• Andrés Cruciani

How to Edit a Paragraph (from a Novel)

Here's what we actually do when we edit novels.


Andrés Cruciani of Toho Publishing over here, and we are nearing the end of a major edit of Ross Boone's The Blind Step Boldly. Thought I might use today's blog to show just what it is we do when we edit—shown by the edits we actually made on a paragraph.


The Blind Step Boldly is a fantasy novel about a boy and a girl on a quest to save their drowning world. In the following graf (as all the cool editors call paragraphs), the main character Tobei meets the eyes of Beastoad—a strange, frog-like man. When making eye contact, Tobei has a power that allows him to see others' memories.


Tobei met his eyes with intense compassion and striving to connect behind the confusion on his face, but he only saw one image this time. It was the prominent thought that came in the wake of all the rejection of the people, and of his brothers, and of the Overbearon, and the desertion of his mother.

Here are the edits I made. If you want to see the final graf, just jump to the end of the list.


1) Ambiguous pronoun: It's unclear who that first "his" was referring to, so I changed it to Beastoad's.


2) Awkward construction: "Tobei met his eyes ... and striving to connect ..." The "and" here creates some awkwardness, so we cut the "and".


3) Redundancy & ambiguity: "... striving to connect behind the confusion on his face ..." First, there's another ambiguous pronoun (whose confusion? Tobei's or Beastoad's?). Second, "confusion on his face" seems slightly redundant. Where else would the confusion be expressed. So, we cut "on his face".

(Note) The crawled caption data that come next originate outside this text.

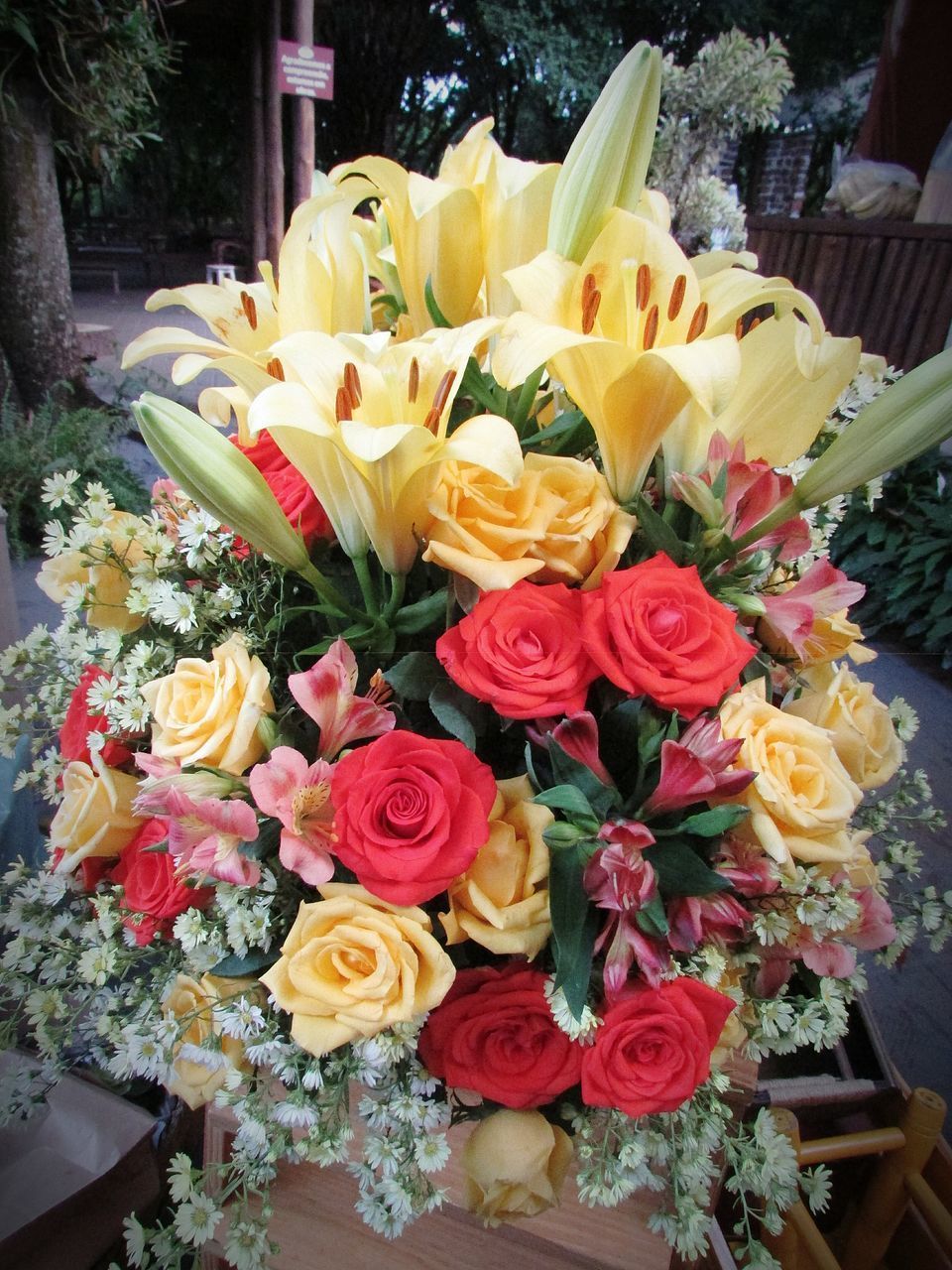 CLOSE-UP OF ROSES ON BOUQUET OF ROSE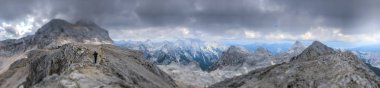 Manzara manzara yüksek Sloven Dağı Triglav 2864 m önde gelen yol. Dağıdır sol tarafında Triglav.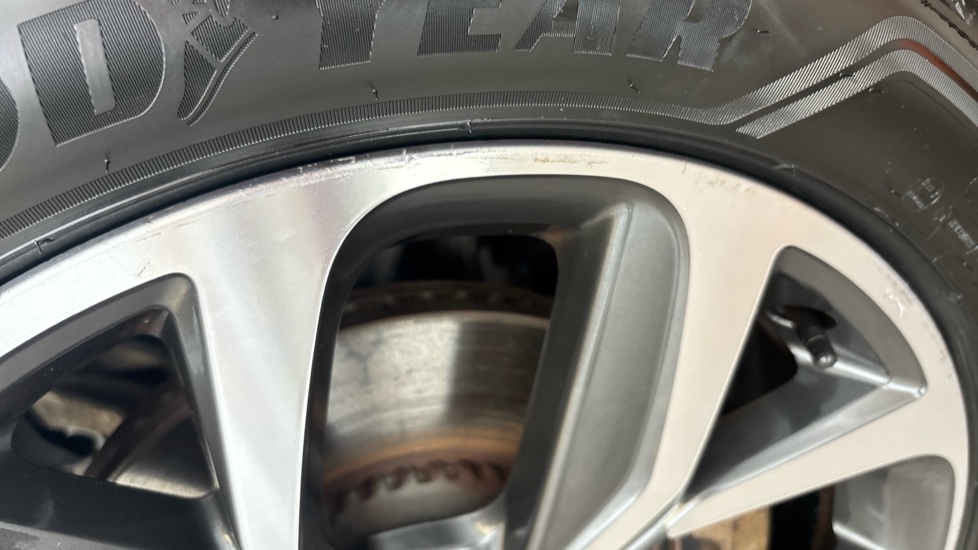 JAGUAR I-PACE scuff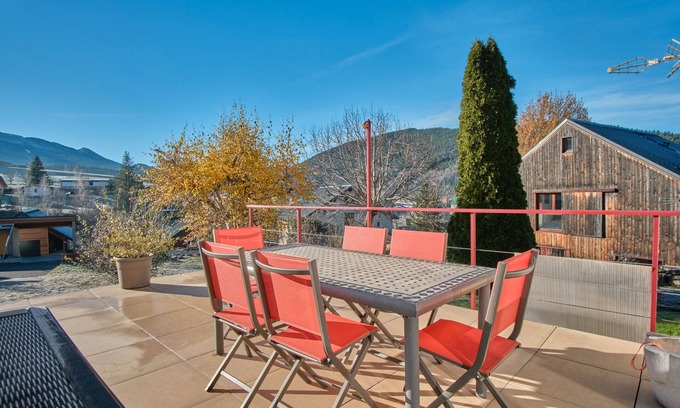 Villard-de-Lans Apartment | Apartment 'La Croix Du Sud' with Mountain View, Private Terrace and Wi-Fi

4) Telling instead of showing: The whole line, "It was the prominent thought ..." is a lot of explication. And, frankly, in the very next graf we're going to see the memory, so we don't need to be told beforehand what the memory is about. The sentence is also quite long and the phrase "in the wake of all the rejection of the people" is a bit wordy and difficult to decipher. So, very simply, we cut.


And here's what we have after the edits:

Tobei met Beastoad's eyes with intense compassion, striving to connect behind the man's confusion, but he only saw one image this time.

Note how much more concise this new graf is. And note how much less is explicitly being told. From two sentences, we dwindle down to a sharper ONE. This is what we here at Toho Publishing do: we get at the essence!